Items from a dataset:

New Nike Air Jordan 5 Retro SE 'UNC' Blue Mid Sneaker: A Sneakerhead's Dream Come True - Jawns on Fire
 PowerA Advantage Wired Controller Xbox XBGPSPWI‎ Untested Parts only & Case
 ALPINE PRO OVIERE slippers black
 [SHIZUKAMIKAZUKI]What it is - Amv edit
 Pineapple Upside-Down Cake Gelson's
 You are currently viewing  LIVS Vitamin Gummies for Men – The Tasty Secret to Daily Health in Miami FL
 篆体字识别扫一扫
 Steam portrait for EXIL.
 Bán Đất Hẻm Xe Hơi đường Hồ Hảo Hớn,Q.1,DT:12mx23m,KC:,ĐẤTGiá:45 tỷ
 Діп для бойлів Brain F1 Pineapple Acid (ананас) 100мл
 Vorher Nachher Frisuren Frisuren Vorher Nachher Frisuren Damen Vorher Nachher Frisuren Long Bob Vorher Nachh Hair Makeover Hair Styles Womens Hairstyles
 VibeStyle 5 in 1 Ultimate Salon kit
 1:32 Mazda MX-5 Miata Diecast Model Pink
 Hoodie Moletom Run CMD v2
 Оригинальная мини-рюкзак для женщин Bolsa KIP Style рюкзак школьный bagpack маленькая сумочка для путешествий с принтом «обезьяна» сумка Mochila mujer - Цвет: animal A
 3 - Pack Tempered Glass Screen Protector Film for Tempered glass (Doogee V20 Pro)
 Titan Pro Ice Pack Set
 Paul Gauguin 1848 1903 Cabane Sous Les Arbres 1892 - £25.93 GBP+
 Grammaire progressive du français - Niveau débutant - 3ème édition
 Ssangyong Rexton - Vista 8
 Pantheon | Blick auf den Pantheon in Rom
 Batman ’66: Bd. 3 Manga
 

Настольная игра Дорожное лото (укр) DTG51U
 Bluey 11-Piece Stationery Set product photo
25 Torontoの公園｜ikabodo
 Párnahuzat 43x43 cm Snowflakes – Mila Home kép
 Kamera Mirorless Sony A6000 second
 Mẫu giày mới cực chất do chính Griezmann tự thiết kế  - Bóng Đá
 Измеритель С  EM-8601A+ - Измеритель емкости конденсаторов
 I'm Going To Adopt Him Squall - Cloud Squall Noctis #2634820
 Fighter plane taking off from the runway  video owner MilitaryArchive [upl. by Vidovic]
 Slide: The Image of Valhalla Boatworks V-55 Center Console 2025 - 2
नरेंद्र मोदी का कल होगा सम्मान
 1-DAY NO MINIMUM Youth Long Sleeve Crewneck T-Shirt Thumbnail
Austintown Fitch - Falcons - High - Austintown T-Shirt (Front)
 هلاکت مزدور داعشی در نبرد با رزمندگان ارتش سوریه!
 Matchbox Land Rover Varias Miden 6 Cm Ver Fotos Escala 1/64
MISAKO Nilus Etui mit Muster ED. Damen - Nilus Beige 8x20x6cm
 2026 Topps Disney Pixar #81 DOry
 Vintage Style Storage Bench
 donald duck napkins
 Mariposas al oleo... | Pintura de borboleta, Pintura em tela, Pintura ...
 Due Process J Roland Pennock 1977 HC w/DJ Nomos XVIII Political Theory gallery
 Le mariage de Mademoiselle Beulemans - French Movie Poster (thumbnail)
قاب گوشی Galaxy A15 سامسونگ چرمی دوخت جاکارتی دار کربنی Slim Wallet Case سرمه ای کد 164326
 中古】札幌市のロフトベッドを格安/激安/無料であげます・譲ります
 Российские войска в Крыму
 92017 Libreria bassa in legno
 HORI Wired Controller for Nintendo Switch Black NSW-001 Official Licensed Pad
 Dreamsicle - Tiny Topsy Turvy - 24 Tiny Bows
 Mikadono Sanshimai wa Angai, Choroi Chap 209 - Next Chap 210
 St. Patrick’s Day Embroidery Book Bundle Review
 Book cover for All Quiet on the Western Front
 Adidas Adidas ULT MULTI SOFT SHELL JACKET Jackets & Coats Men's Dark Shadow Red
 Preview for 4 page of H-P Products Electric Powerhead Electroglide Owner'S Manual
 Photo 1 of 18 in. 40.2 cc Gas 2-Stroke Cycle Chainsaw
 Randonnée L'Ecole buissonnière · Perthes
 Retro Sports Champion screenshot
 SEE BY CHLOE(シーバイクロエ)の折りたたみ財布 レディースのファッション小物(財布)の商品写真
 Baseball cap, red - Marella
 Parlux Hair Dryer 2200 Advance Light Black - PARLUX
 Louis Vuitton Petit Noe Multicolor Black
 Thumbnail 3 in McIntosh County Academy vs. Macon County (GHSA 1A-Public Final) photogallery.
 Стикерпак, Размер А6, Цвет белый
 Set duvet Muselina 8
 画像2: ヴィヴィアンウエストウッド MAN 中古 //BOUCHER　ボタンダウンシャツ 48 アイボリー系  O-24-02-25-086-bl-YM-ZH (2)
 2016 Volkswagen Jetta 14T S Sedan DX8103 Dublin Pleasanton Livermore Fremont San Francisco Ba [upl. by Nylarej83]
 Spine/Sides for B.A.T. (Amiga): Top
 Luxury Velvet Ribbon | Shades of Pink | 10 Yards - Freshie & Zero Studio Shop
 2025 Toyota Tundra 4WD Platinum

Activity - All the data must be duplicated exactly, with nothing added or removed.

Your response -
New Nike Air Jordan 5 Retro SE 'UNC' Blue Mid Sneaker: A Sneakerhead's Dream Come True - Jawns on Fire
 PowerA Advantage Wired Controller Xbox XBGPSPWI‎ Untested Parts only & Case
 ALPINE PRO OVIERE slippers black
 [SHIZUKAMIKAZUKI]What it is - Amv edit
 Pineapple Upside-Down Cake Gelson's
 You are currently viewing  LIVS Vitamin Gummies for Men – The Tasty Secret to Daily Health in Miami FL
 篆体字识别扫一扫
 Steam portrait for EXIL.
 Bán Đất Hẻm Xe Hơi đường Hồ Hảo Hớn,Q.1,DT:12mx23m,KC:,ĐẤTGiá:45 tỷ
 Діп для бойлів Brain F1 Pineapple Acid (ананас) 100мл
 Vorher Nachher Frisuren Frisuren Vorher Nachher Frisuren Damen Vorher Nachher Frisuren Long Bob Vorher Nachh Hair Makeover Hair Styles Womens Hairstyles
 VibeStyle 5 in 1 Ultimate Salon kit
 1:32 Mazda MX-5 Miata Diecast Model Pink
 Hoodie Moletom Run CMD v2
 Оригинальная мини-рюкзак для женщин Bolsa KIP Style рюкзак школьный bagpack маленькая сумочка для путешествий с принтом «обезьяна» сумка Mochila mujer - Цвет: animal A
 3 - Pack Tempered Glass Screen Protector Film for Tempered glass (Doogee V20 Pro)
 Titan Pro Ice Pack Set
 Paul Gauguin 1848 1903 Cabane Sous Les Arbres 1892 - £25.93 GBP+
 Grammaire progressive du français - Niveau débutant - 3ème édition
 Ssangyong Rexton - Vista 8
 Pantheon | Blick auf den Pantheon in Rom
 Batman ’66: Bd. 3 Manga
 

Настольная игра Дорожное лото (укр) DTG51U
 Bluey 11-Piece Stationery Set product photo
25 Torontoの公園｜ikabodo
 Párnahuzat 43x43 cm Snowflakes – Mila Home kép
 Kamera Mirorless Sony A6000 second
 Mẫu giày mới cực chất do chính Griezmann tự thiết kế  - Bóng Đá
 Измеритель С  EM-8601A+ - Измеритель емкости конденсаторов
 I'm Going To Adopt Him Squall - Cloud Squall Noctis #2634820
 Fighter plane taking off from the runway  video owner MilitaryArchive [upl. by Vidovic]
 Slide: The Image of Valhalla Boatworks V-55 Center Console 2025 - 2
नरेंद्र मोदी का कल होगा सम्मान
 1-DAY NO MINIMUM Youth Long Sleeve Crewneck T-Shirt Thumbnail
Austintown Fitch - Falcons - High - Austintown T-Shirt (Front)
 هلاکت مزدور داعشی در نبرد با رزمندگان ارتش سوریه!
 Matchbox Land Rover Varias Miden 6 Cm Ver Fotos Escala 1/64
MISAKO Nilus Etui mit Muster ED. Damen - Nilus Beige 8x20x6cm
 2026 Topps Disney Pixar #81 DOry
 Vintage Style Storage Bench
 donald duck napkins
 Mariposas al oleo... | Pintura de borboleta, Pintura em tela, Pintura ...
 Due Process J Roland Pennock 1977 HC w/DJ Nomos XVIII Political Theory gallery
 Le mariage de Mademoiselle Beulemans - French Movie Poster (thumbnail)
قاب گوشی Galaxy A15 سامسونگ چرمی دوخت جاکارتی دار کربنی Slim Wallet Case سرمه ای کد 164326
 中古】札幌市のロフトベッドを格安/激安/無料であげます・譲ります
 Российские войска в Крыму
 92017 Libreria bassa in legno
 HORI Wired Controller for Nintendo Switch Black NSW-001 Official Licensed Pad
 Dreamsicle - Tiny Topsy Turvy - 24 Tiny Bows
 Mikadono Sanshimai wa Angai, Choroi Chap 209 - Next Chap 210
 St. Patrick’s Day Embroidery Book Bundle Review
 Book cover for All Quiet on the Western Front
 Adidas Adidas ULT MULTI SOFT SHELL JACKET Jackets & Coats Men's Dark Shadow Red
 Preview for 4 page of H-P Products Electric Powerhead Electroglide Owner'S Manual
 Photo 1 of 18 in. 40.2 cc Gas 2-Stroke Cycle Chainsaw
 Randonnée L'Ecole buissonnière · Perthes
 Retro Sports Champion screenshot
 SEE BY CHLOE(シーバイクロエ)の折りたたみ財布 レディースのファッション小物(財布)の商品写真
 Baseball cap, red - Marella
 Parlux Hair Dryer 2200 Advance Light Black - PARLUX
 Louis Vuitton Petit Noe Multicolor Black
 Thumbnail 3 in McIntosh County Academy vs. Macon County (GHSA 1A-Public Final) photogallery.
 Стикерпак, Размер А6, Цвет белый
 Set duvet Muselina 8
 画像2: ヴィヴィアンウエストウッド MAN 中古 //BOUCHER　ボタンダウンシャツ 48 アイボリー系  O-24-02-25-086-bl-YM-ZH (2)
 2016 Volkswagen Jetta 14T S Sedan DX8103 Dublin Pleasanton Livermore Fremont San Francisco Ba [upl. by Nylarej83]
 Spine/Sides for B.A.T. (Amiga): Top
 Luxury Velvet Ribbon | Shades of Pink | 10 Yards - Freshie & Zero Studio Shop
 2025 Toyota Tundra 4WD Platinum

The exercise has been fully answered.